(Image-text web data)
╭──
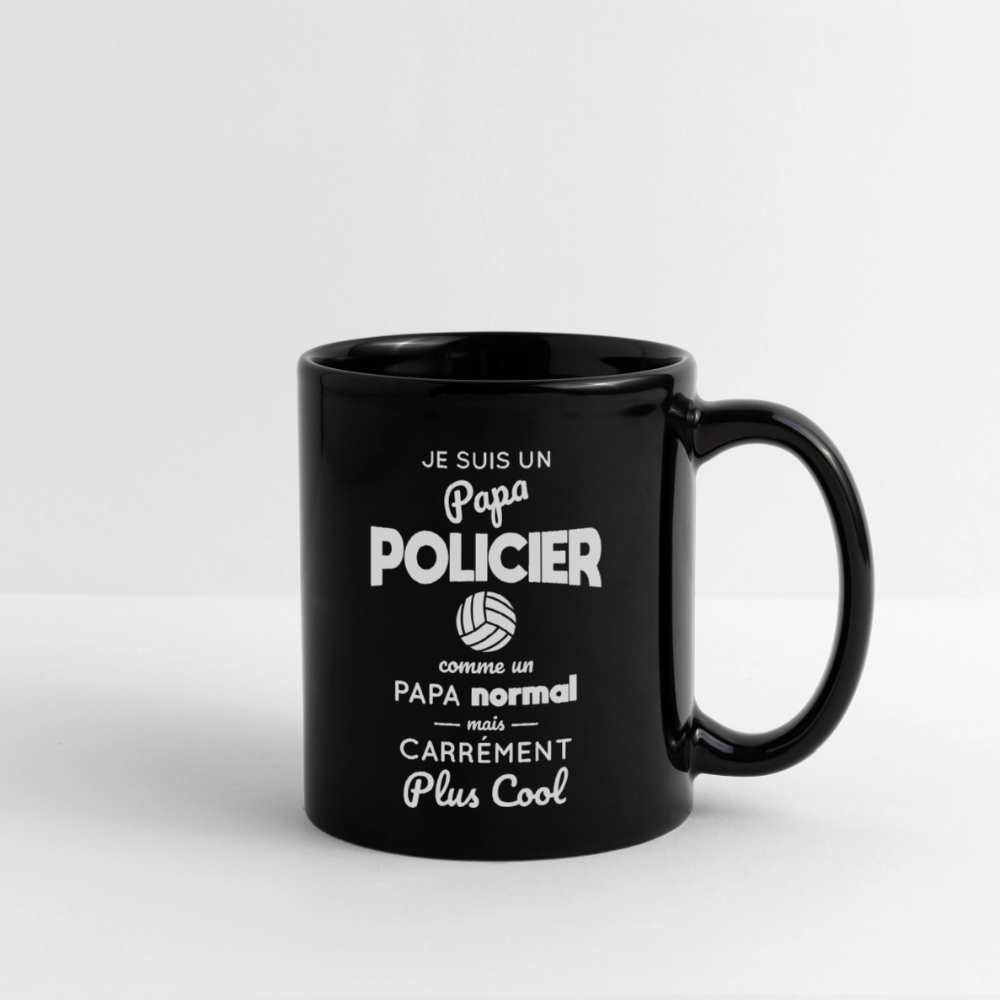 Mug uni - Papa policier plus cool - noir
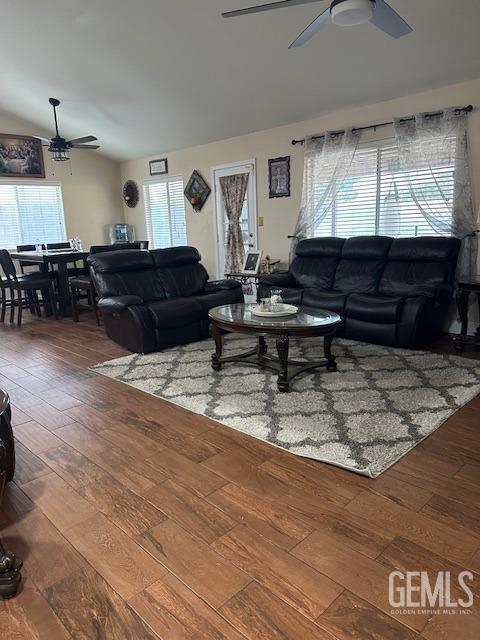 living room with ceiling fan and hardwood / wood-style floors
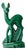 Art Deco Emerald Green Ceramic Deer Sculpture by Charles Lemanceau for Saint-Clément, France, 1930s For Sale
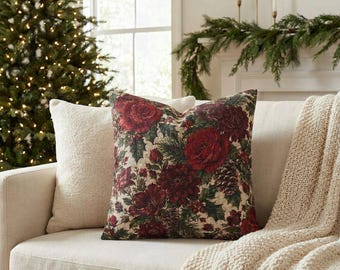 Winter Rose Chintz Christmas Pillow Cover, Red Rose and Pine Floral Throw Pillow, Burgundy Green Cottage Holiday Cushion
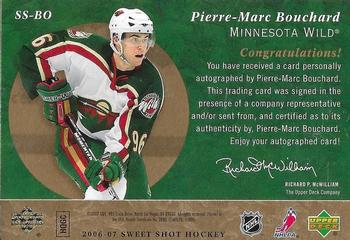 2006-07 Upper Deck Sweet Shot - Signature Shots/Saves #SS-BO Pierre-Marc Bouchard Back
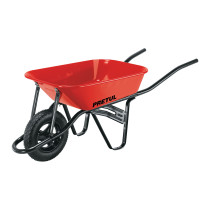 Carretilla 3.5 ft3 roja, angosta ,neumática, tubular, PRETUL
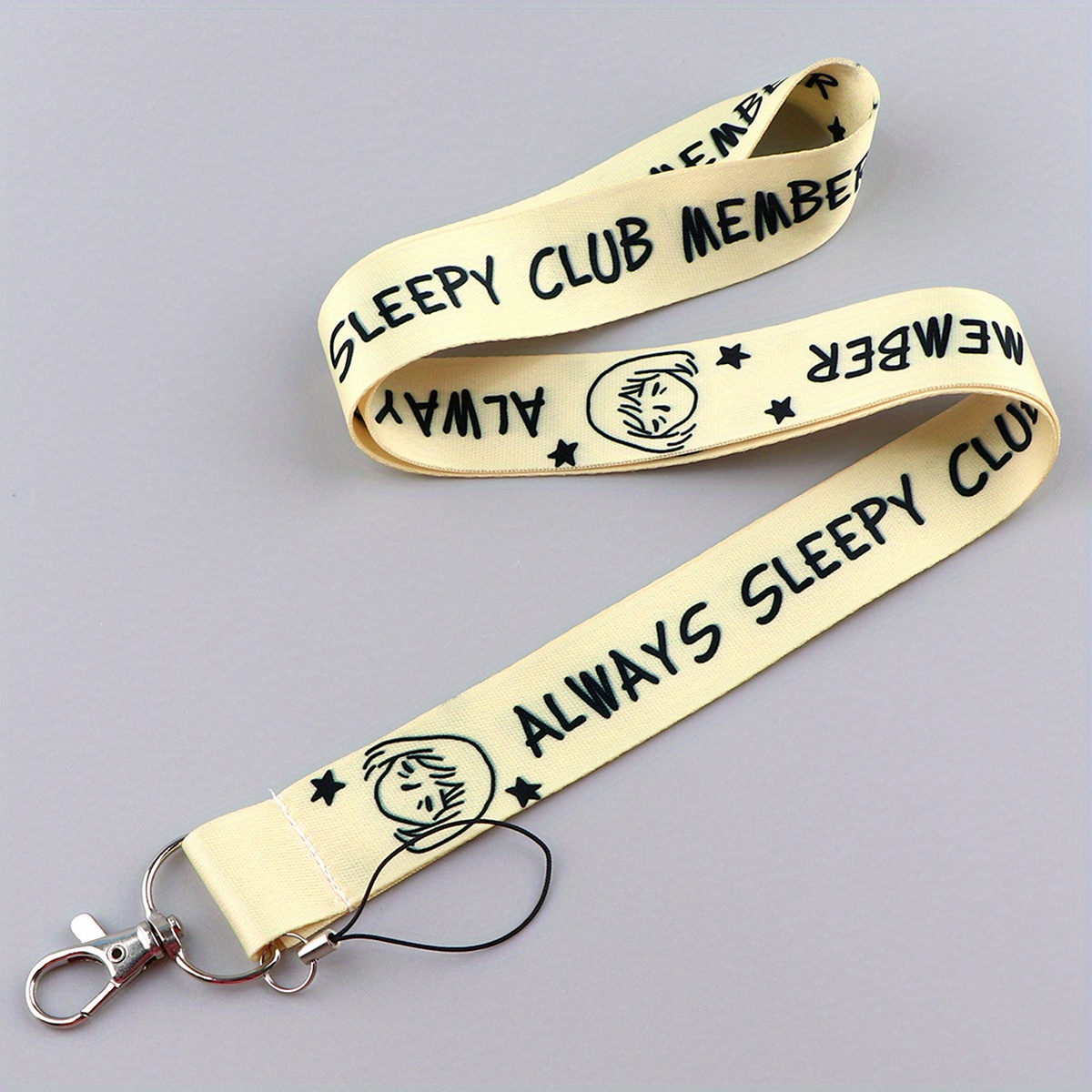 ALWAYS SLEEPY CLUB Neck Strap Lanyards for Keys Keychain Badge Holder ID  Hang Rope Lariat Phone Charm Accessories Detachable 1 pc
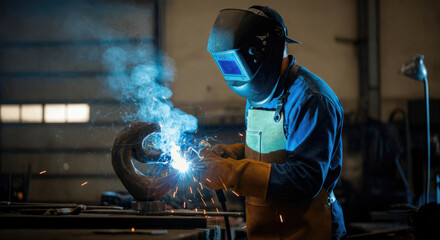 Welder in workshop using welding torch, emitting sparks and smoke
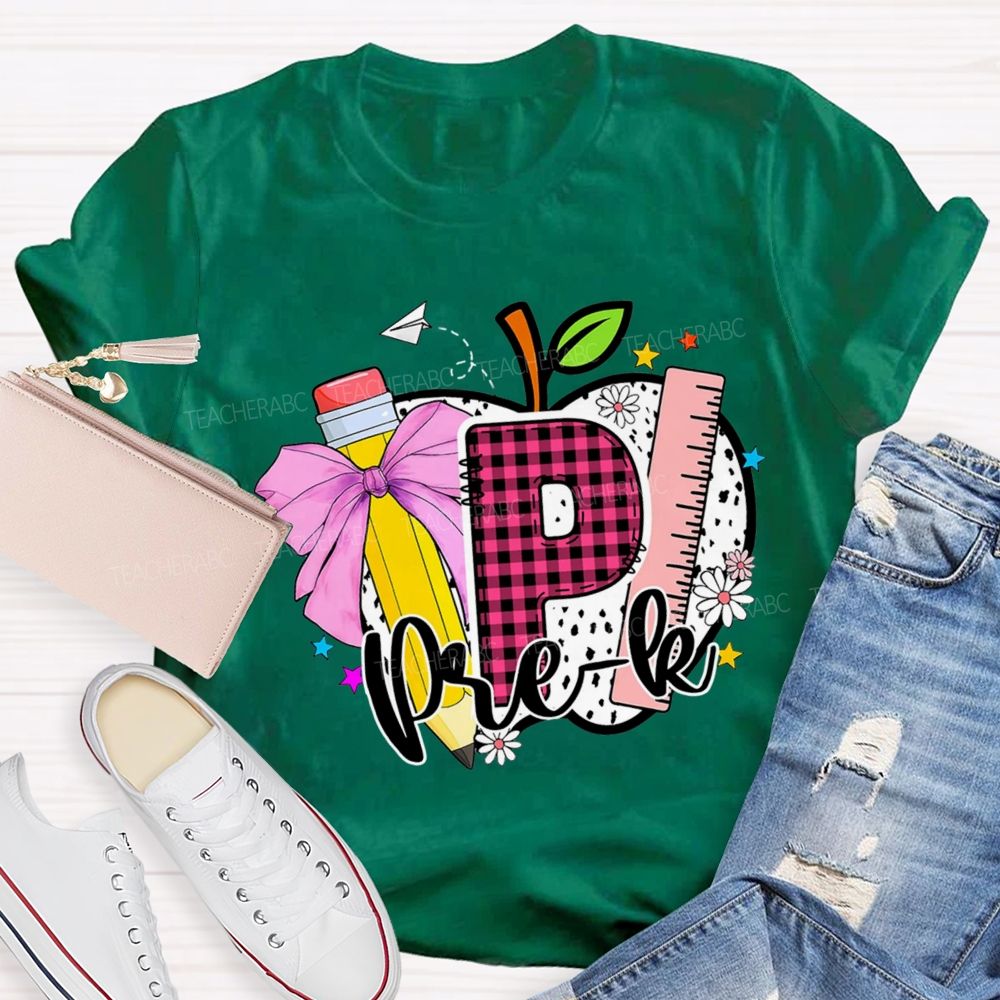Personalized Grade Pink Plaid Letters P Is For Prek Teacher T-Shirt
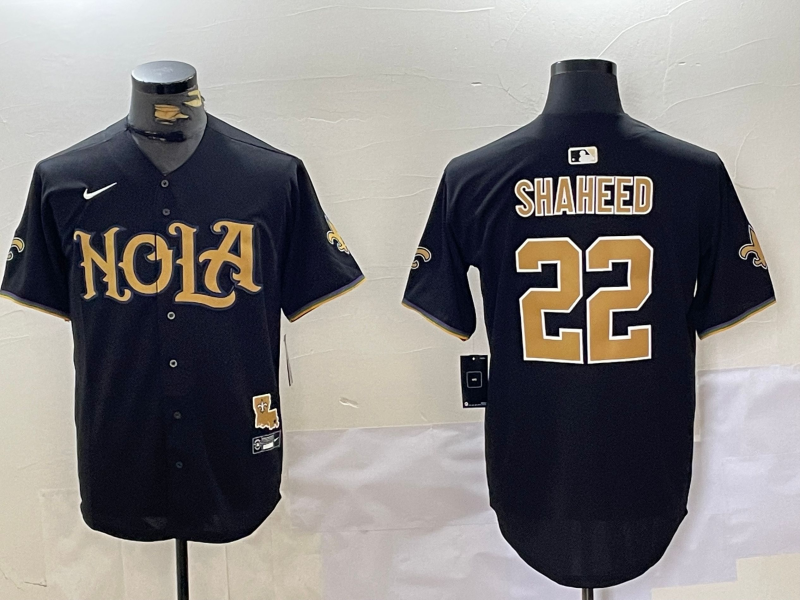 Men's New Orleans Saints Rashid Shaheed #22 Black Game Player Jersey1 football jersey product view 1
╰──
__What you will do__:
Restate each entry verbatim and skip every image.

__Written response__:
 Mug uni - Papa policier plus cool - noir
 living room with ceiling fan and hardwood / wood-style floors
 Art Deco Emerald Green Ceramic Deer Sculpture by Charles Lemanceau for Saint-Clément, France, 1930s For Sale
 Winter Rose Chintz Christmas Pillow Cover, Red Rose and Pine Floral Throw Pillow, Burgundy Green Cottage Holiday Cushion
 2006-07 Upper Deck Sweet Shot - Signature Shots/Saves #SS-BO Pierre-Marc Bouchard Back
 Carretilla 3.5 ft3 roja, angosta ,neumática, tubular, PRETUL
 ALWAYS SLEEPY CLUB Neck Strap Lanyards for Keys Keychain Badge Holder ID  Hang Rope Lariat Phone Charm Accessories Detachable 1 pc
 Welder in workshop using welding torch, emitting sparks and smoke
Personalized Grade Pink Plaid Letters P Is For Prek Teacher T-Shirt
 Men's New Orleans Saints Rashid Shaheed #22 Black Game Player Jersey1 football jersey product view 1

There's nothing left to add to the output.